Пять девочек из восьмого класса не имели ничего против, но они знали — никаких шансов, Владик не любит малолеток, даже если я упаду, он им не достанется, никогда.
Олимпиец полубог в том саду итальянском дворике
он две тысячи лет улыбается мне и время ничего не может поделать с его лицом.
Я засмеялась и перекинула ноги на улицу, сверкнула, как говорят девочки, оттуда, с улицы.
Владик, уверенный в своем олимпийском бессмертии, легко
я даже не поняла как он это сделал
опоры не было
его тело на одну правую руку на мгновение
и снова солнце внизу
и дым и пылинки
он курил дым застревал в волосах он улыбался
мы сидели над итальянским двориком а снизу раздавались крики о помощи
кажется нас зовут сказал Владик
бедная Аида держась за сердце кричала
дети, что вы делаете, я вас прошу, я умоляю
посмотри она сейчас весь педсовет соберет и все они станут на колени
мы с тобой очень красивая пара
держись за сердце
Ты не можешь этого помнить.
Я спрыгнула с подоконника на пол и увидела тебя.
Ты когда-нибудь был счастлив, ты помнишь, как это бывает без причины?
Все, кроме тебя, понимали, что это ничего не значит. Счастье никому не принадлежать, касаться друг друга как это сделали бы мраморные копии знаменитых оригиналов, если бы Дедалу удалось научить их двигаться —
и ничего
разойтись не заметив
мыльные пузыри
в школьном коридоре
расплавленные солнцем
разойтись улыбнувшись
прохлада каменной галереи
ветер сносит струи воды
два призрака кольца дыма
процессия на гобеленах
нарядные дети гончие
принцесса и дракон
обрученные
и смерть не различит вас
в цветущем саду
Только теперь я заметила эту гримасу Я вспомнила, как ты бежал стометровку и твое белое лицо было мертвым от ярости, и Владик давно позади, а он, как-никак
это было не по-олимпийски, неспортивная ярость, какая-то нехорошая злость
вот и теперь твое лицо перекошено, как тогда на финише
ты не знал, зачем победил, и Владик, смеясь, похлопал тебя по плечу
он был за тебя спокоен, он был рад, ему было все равно.

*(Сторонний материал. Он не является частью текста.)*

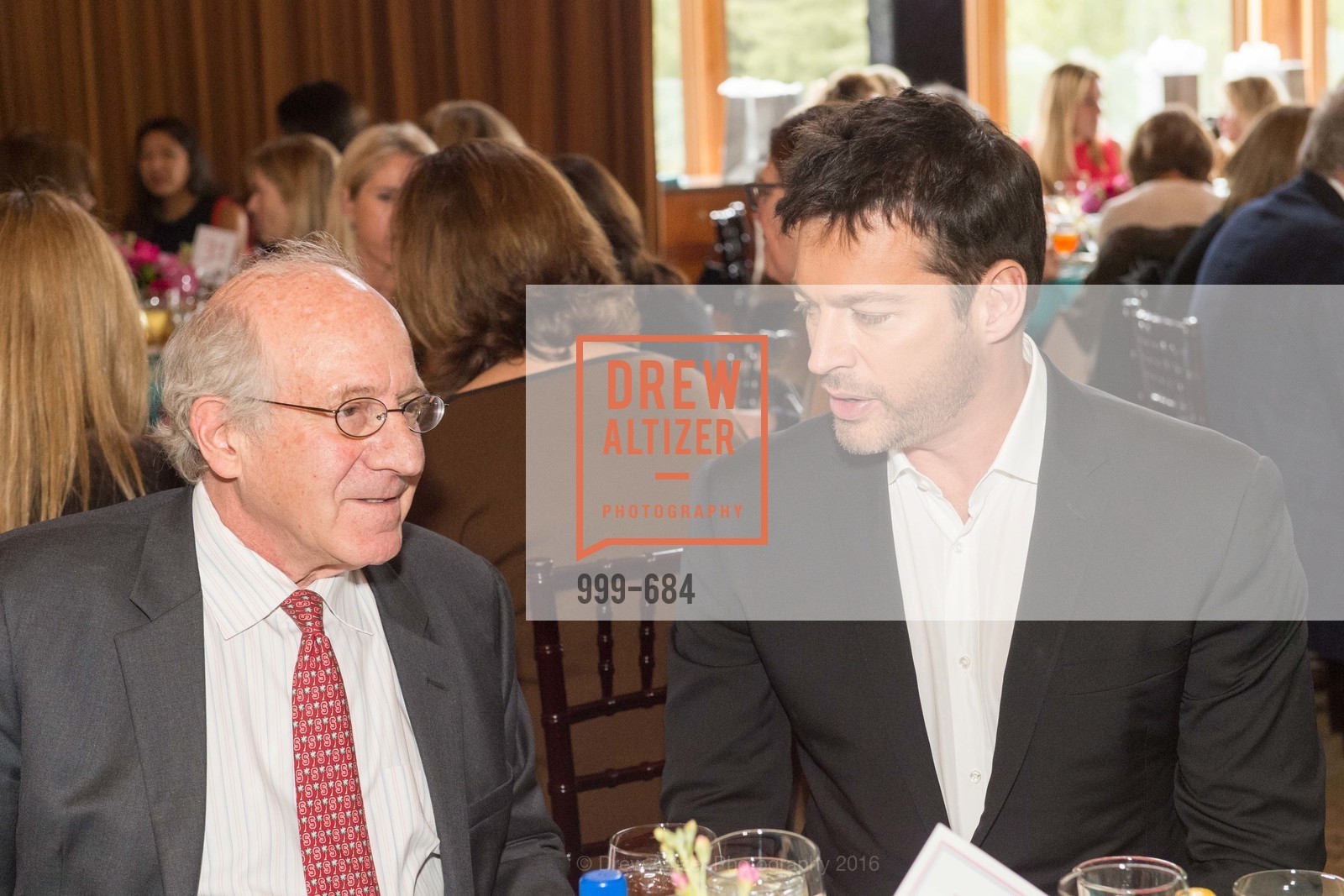 Jonathan Berek, Harry Connick Jr., Under One Umbrella, Sharon Heights Golf and Country Club, January 13th, 2016,Drew Altizer, Drew Altizer Photography, full-service agency, private events, San Francisco photographer, photographer california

— Неправда, я знал, что у тебя с ним ничего не было.
А он, не прилагая никаких усилий, сделал тебя, сделал. Ты так жалко выиграл, и твой новый рекорд, и наш физрук, размахивающий секундомером, потный от напряжения, орал на тебя — Ванька, сукин сын, ты побежишь, а не этот пижон, я всегда знал, чтобы завтра оба были на тренировке, спартакиада на носу и пр.
— Я его и там обошел.
Ты его и здесь обошел. Кто такой Владик, где он? А ты — молодой доцент и автор семисотстраничной монографии о народовольцах, и все семьсот страниц сплошное «милостиво повелеть соизволил».
— Знаешь, про тебя говорили… А я не верил. Про какого-то старшекурсника, не то дипломата, не то экономиста…
Хочешь послушать?
— Ради бога, не надо.
Как хочешь. Я тебя вполне понимаю — вдруг окажется, что ты зря не верил. Что снова ты выше всех. Ты такой высокий, я смотрю на тебя и у меня кружится голова. И хватит курить, тебе это не идет, неправдоподобно. Кстати, мне только что пришло в голову — а ты куришь почему? Помнится, Владик этим даже бравировал.
Я курю, потому что курю.
Я курю, и дым застилает глаза и эту гобеленовую фею. Как я могу не помнить. Рыжие волосы на солнце, белые, розовые, лимонные бабочки в волосах и дым.
одного события, которое выговаривается через нас. Быть безымянным пронзенным насквозь исполнителем роли, которая меняет актера на полуслове. Быть пригвожденным к картону мужчиной в белой окровавленной рубашке, каждый раз когда я касаюсь ворота твоей
я вижу алый цвет и тепло, волны, и то, что стоит за нами, но это не человек он не дышит, не имеет имени, возраста, только кинжал у него настоящий, гамлет нам выпал шанс сыграть на простой бумаге в июньскую ночь, когда все возможно
твое бледное лицо, в прорезях глаз сквозь маску черная ночь. Ничто из того, что происходит с нами на самом деле, не скажется, не перейдет в слова.